Milano si mobilita per la cultura

Macao!

700 all'assemblea pubblica

7 / 5 / 2012

Si respira qualcosa di più della semplice soddisfazione a Macao. Sabato mattina i lavoratori dell’Arte di Milano, assieme ad un gruppo di realtà che da mesi si mobilita sulla questione culturale (Teatro Valle Occupato e Cinema di Palazzo di Roma, S.a.L.E.-Docks di Venezia, Asilo di Napoli, Teatro Coppola di Catania, Teatro Garibaldi di Palermo) avevano occupato la Torre Galfa di Milano. Un luogo simbolico per diversi motivi, primo perché i suoi 102 metri si ergono nel cuore finanziario della città, secondo perche la proprietà è in parte riconducibile all’immobiliarista-finanziere Salvatore Ligresti.
Domenica, giorno 2, è il giorno della prima assemblea pubblica, indetta per il pomeriggio. Alle quattordici il primo piano del grattacielo è già gremito, a sera si conteranno oltre settecento persone e decine di interventi. L’assemblea inizia ed è immediatamente chiara una cosa, non ci sono dubbi, Macao s’ha da fare. C’è chi propone attività, chi vuole impegnarsi nel recupero dello spazio, chi si offre per raccogliere fondi e così via. E’ sulla scia di un’energia tanto reale da parere palpabile che il discorso interseca, naturalmente e senza contrasti, piani differenti, passando dalle idee per la gestione dello spazio fino al significato politico di Macao e di tutte le altre esperienze italiane presenti. Perché tanto entusiasmo? Perché l’assemblea sembra più che altro un grande abbraccio collettivo che la città tributa all’idea di Macao? Forse perché c’è qualcosa che collega quanto accade a Milano in questi giorni con quanto sta facendo il movimento di Occupy in giro per il mondo.
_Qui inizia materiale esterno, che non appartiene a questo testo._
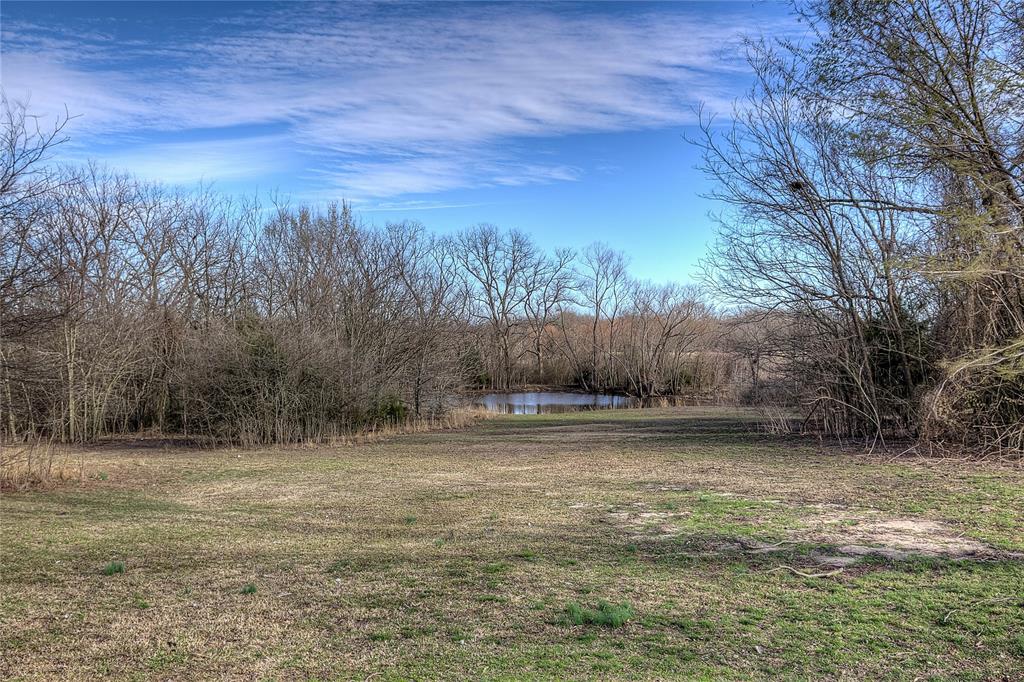 5611 County Road 4705 Commerce, TX 75428 - Photo 32 of 38 a view of a yard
L’occupazione del grattacielo di Ligresti è un attacco simbolico al legame tra arte e finanza, un legame che non si spiega attraverso astrusi processi economici, ma che ha appiattito per decenni la percezione collettiva dell’arte e della cultura. Nelle mani dei finanzieri le opere sono diventate puri segni senza referenza (scambiate come “promesse di valore” al pari dei prodotti finanziari) e parallelamente, le vite degli artisti e dei lavoratori delle cultura sono diventate oggetto di speculazione per mezzo della precarizzazione. Rovesciare questa percezione è certamente uno dei segni di maggiore discontinuità di Macao e delle altre esperienze diffuse in Italia. L’obbiettivo è restituire alla cultura e all’arte il loro ruolo di strumenti di soggettivazione. A dire il vero questa funzione non è  taciuta nemmeno dal mainstream, anzi, gli economisti dell’arte la evocano per esorcizzarla, la catturano e la ammaestrano allo scopo di difendere le loro rendite accademiche. Macao invece ci crede, non con ingenuità, ma con coraggio, il coraggio di trasformare l'arte da terreno di speculazione a strumento in grado di cambiare il modo in cui guardiamo al mondo e, in definitiva, di cambiare il mondo stesso.
Di questo discutono artisti e architetti, designers e informatici, fund raisers e vicini di casa di Macao, di come proseguire l’avventura a partire da domani, di come gestire il trentadue piani della torre. Ricorrono termini quali occupazione, riappropriazione, autodeterminazione, comune (quale terza via che rompe la dicotomia pubblico/privato), sperimentazione giuridica e conflitto. Passano le ore e si susseguono proposte, attestati di solidarietà e idee. Sulla scia dell’assemblea nazionale della rete della conoscenza, avvenuta il giorno precedente a Roma, si commenta il DDL Fornero, incapace di tutelare i precari della cultura e i lavoratori autonomi, si invita a non farsi ipnotizzare dalle retoriche governative del conflitto generazionale e a costruire un fronte comune con chi lotta contro la modifica dell’articolo 18. Così il pomeriggio diventa sera e l’assemblea sancisce che da domani la vita di Macao ripartirà dalla fondazione di diversi tavoli di lavoro. Nello spazio contiguo Motus prova la perfomance serale. Non serve affacciarsi e guardare la città dall’alto del trentesimo piano, la sensazione condivisa è che a Milano stia succedendo qualcosa di importante.